BIS Unveils New Stablecoin and Defi Monitoring Platform, With Focus on CBDCby Rebecca Oi February 15, 2023
The Bank of International Settlements (BIS) Innovation Hub has just unveiled its 2023 priorities, focusing on stablecoins, central bank digital currencies (CBDC), data monitoring, and cybersecurity.
Over the past years, the BIS Innovation Hub has been at the forefront of exploring and developing cutting-edge solutions to central banks’ challenges, as evidenced by the number of ongoing and completed projects.
Pyxtrial: Transparency and Stability to the Stablecoin market
The BIS Innovation Hub recently announced the launch of its new project, Pyxtrial, initiated by the London branch to ensure the financial sector’s stability.
Pyxtrial refers to a traditional British judicial process that dates back many centuries. The Trial of the Pyx is one of the oldest and most established procedures for assessing the quality of coins in the country.
The project is poised to bring transparency and stability to the stablecoin market by providing real-time visibility into their financial health.
Stablecoins such as USD Coin (USDC) and Tether USD (USDT) play a vital role in the cryptocurrency exchange market, enabling investors to transfer between digital and fiat currencies effortlessly.
As a result, regulators are taking a closer look at stablecoins, particularly those not backed by physical fiat currencies, to ensure their stability and prevent similar incidents.
By developing a platform to monitor stablecoins, Pyxtrial will play a crucial role in shaping the future of financial regulation and supervision.
The bank has noted that most central banks lack the tools to monitor stablecoins and prevent asset-liability mismatches systematically, and Pyxtrial aims to fill this gap. The project will explore technological solutions to help supervisors and regulators establish policy frameworks based on integrated data.
Tools for monitoring cryptocurrencies and DeFi in real-time
The BIS Innovation Hub is a crucial player in shaping the future of regulation, supervision, and finance. The hub recognises the increasing importance of digital assets, particularly cryptocurrencies and decentralized finance, and is focused on developing real-time tools to monitor these spaces.
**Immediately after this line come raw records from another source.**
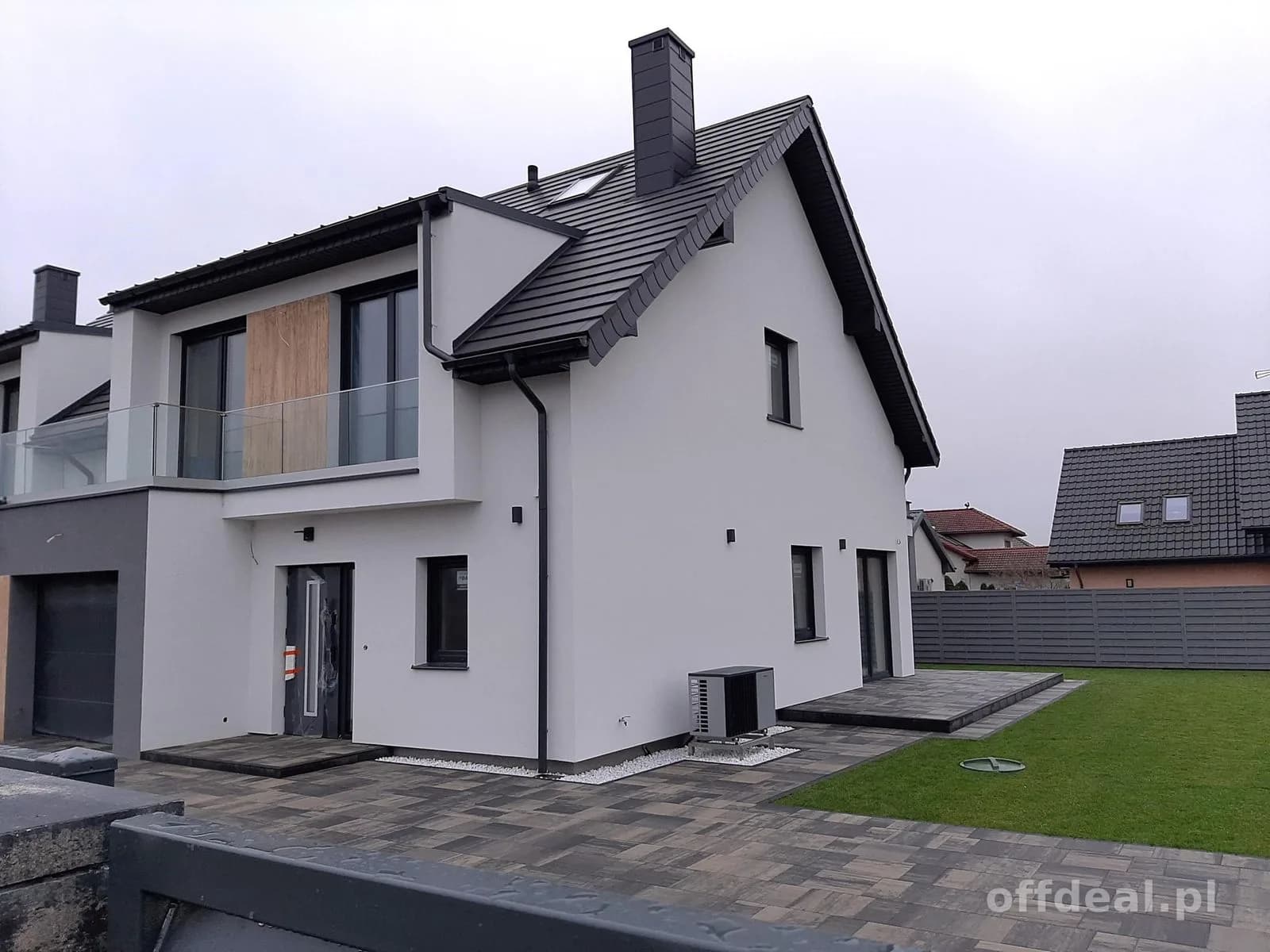 будинок на продаж у Kołobrzeg, Sienkiewiczowskie | 5-кімн. | 145 m²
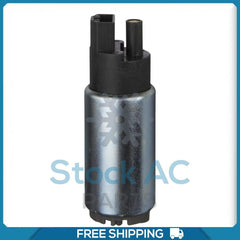 Electric Fuel Pump for Acura / Honda / Hyundai / Infiniti / Isuzu / Jeep ... QOA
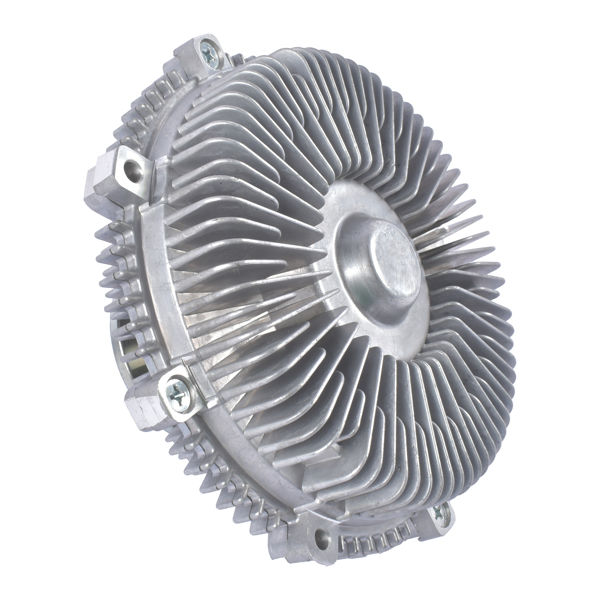 风扇离合器 Engine Cooling Fan Clutch Fits for Infiniti QX56 QX80 Nissan Armada NV2500 NV3500 Titan 2011-2022 210825X20A 210825X21A 210825X21B-3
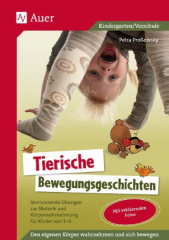 Tierische Bewegungsgeschichten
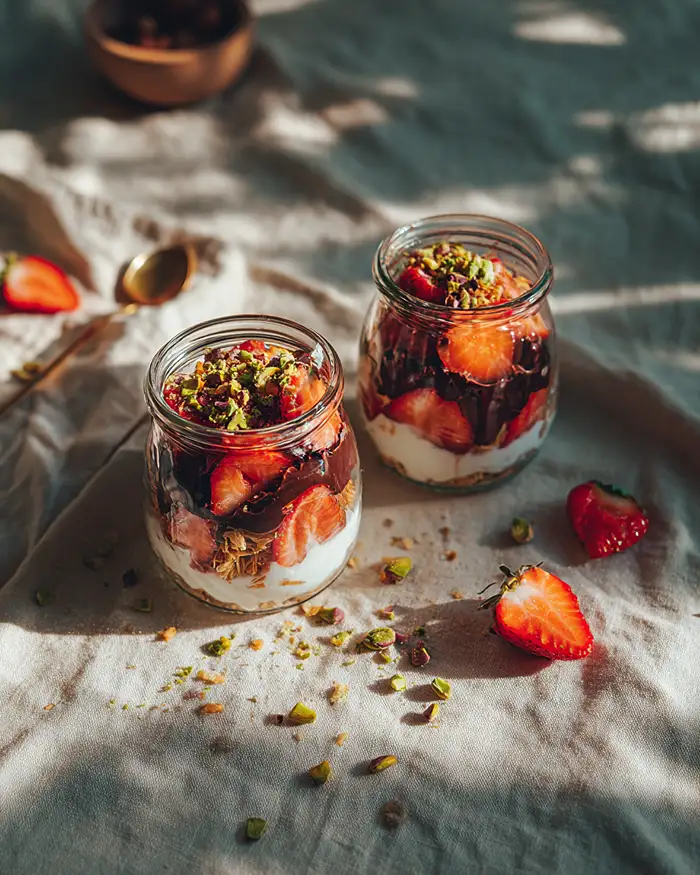 Artistic Food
The Atlas project is one of the popular projects undertaken by the BIS Innovation Hub in this regard. The project is designed to be decentralized, making it easy for investors and traders to access information freely and make informed decisions.
With the use of technical tools for data vetting and analysis, Atlas aims to provide a comprehensive overview of the crypto and DeFi markets, including market trends, price movements, and other essential metrics.
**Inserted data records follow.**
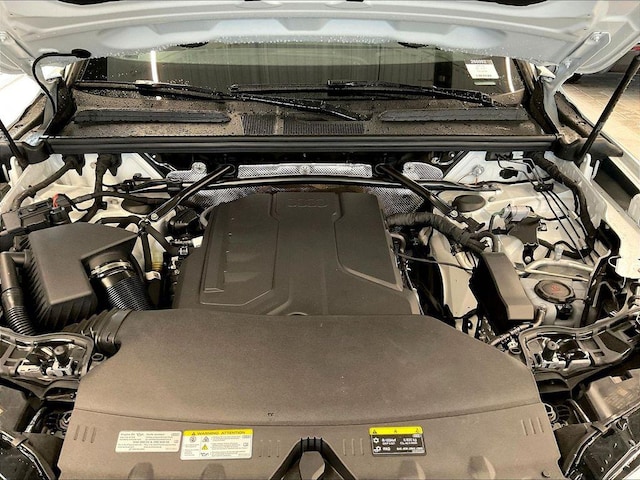 2026 Audi Q5 Premium - Photo 12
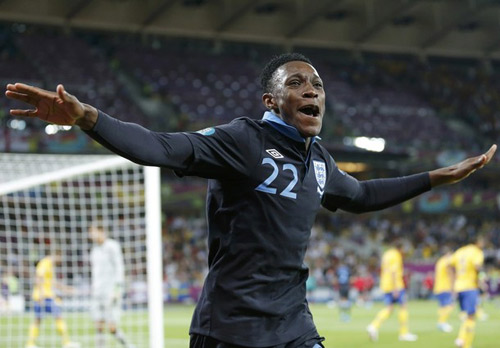 Cục diện bảng D: Nụ cười Anh, Pháp - 2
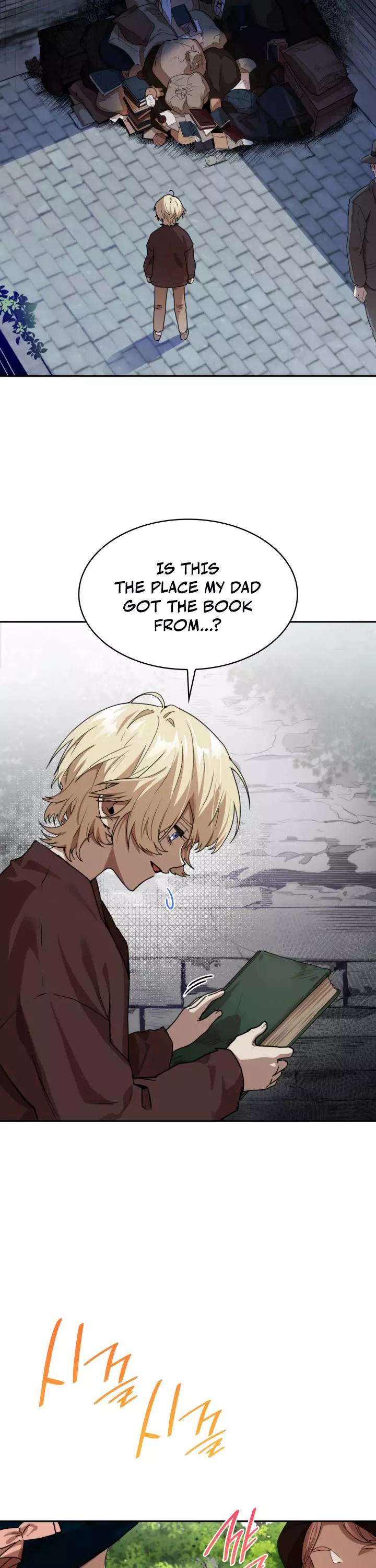 Read Infinite Mage Manga Online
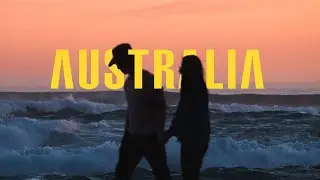 澳洲自驾100天，我们最爱的6个宝藏小众景点 || 100 Days of Driving Around Australia: Our Top 6 Hidden Gem Destinations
Central Bank Digital Currency: Major focus for BIS Innovation Hub
The BIS Innovation Hub announced its plans to increase its focus on central bank digital currencies (CBDCs) in 2023.
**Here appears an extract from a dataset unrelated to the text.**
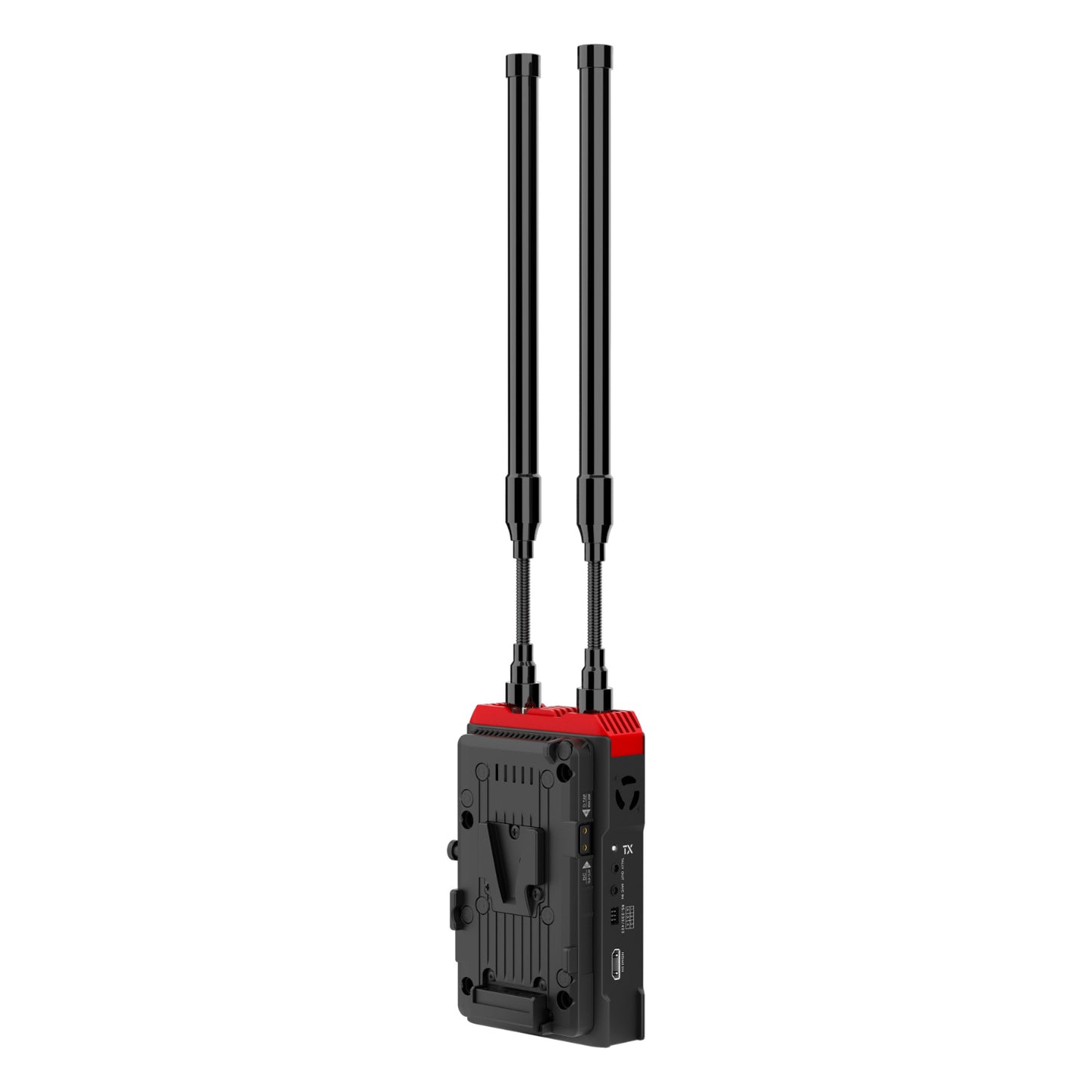 CVW Thunder HD - Professional Broadcast 1000M (3280 ft) Full HD Wireless Video Transmission System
The hub recognises the need to improve payment systems and is dedicating a significant portion of its efforts to exploring the potential of CBDCs. Of its various projects, 15 focus on CBDCs, and three cross-border CBDCs projects have already been concluded, including Jura, Dunbar, and Project Helvetia.
One of the most notable projects is MBridge, exploring wholesale cross-border payment solutions. The Central Banks of Thailand, China, Hong Kong, the United Arab Emirates, and over 20 commercial banks in different countries utilised MBridge cross-border payment solutions.
In addition, the BIS is also focusing on retail CBDCs, such as the two-tiered system known as Aurum, which was piloted in Hong Kong in July. Another project, in collaboration with the Bank of England, will experiment with the distribution of a retail CBDC through an open API ecosystem known as Rosalind.
Only 11 countries have fully launched a CBDC, all located in the Caribbean, except for Nigeria. Pilots are underway in 17 nations, mainly in Asia, including China, Russia, Kazakhstan, India, South Korea, Thailand, and Malaysia.
Project Sela: Exploring the cyber security and technical feasibility of retail CBDC architecture
Project Sela, a collaboration between the BIS Innovation Hub Hong Kong Centre, the Hong Kong Monetary Authority, and the Bank of Israel, aims to test the technical feasibility and cyber security of a two-tier retail CBDC architecture.
This project aims to provide broader access to CBDC services by allowing intermediaries, such as commercial banks, payment service providers, and financial technology firms, to offer these services without any financial exposure. This means that the CBDC will never reside on the intermediary’s balance sheet, reducing financial risk for these entities.
However, more comprehensive access to CBDC services raises concerns about cyber security. If the project proves successful, it could lead to a more widely accessible CBDC system that is secure against cyber threats, providing greater financial stability and security to the end users.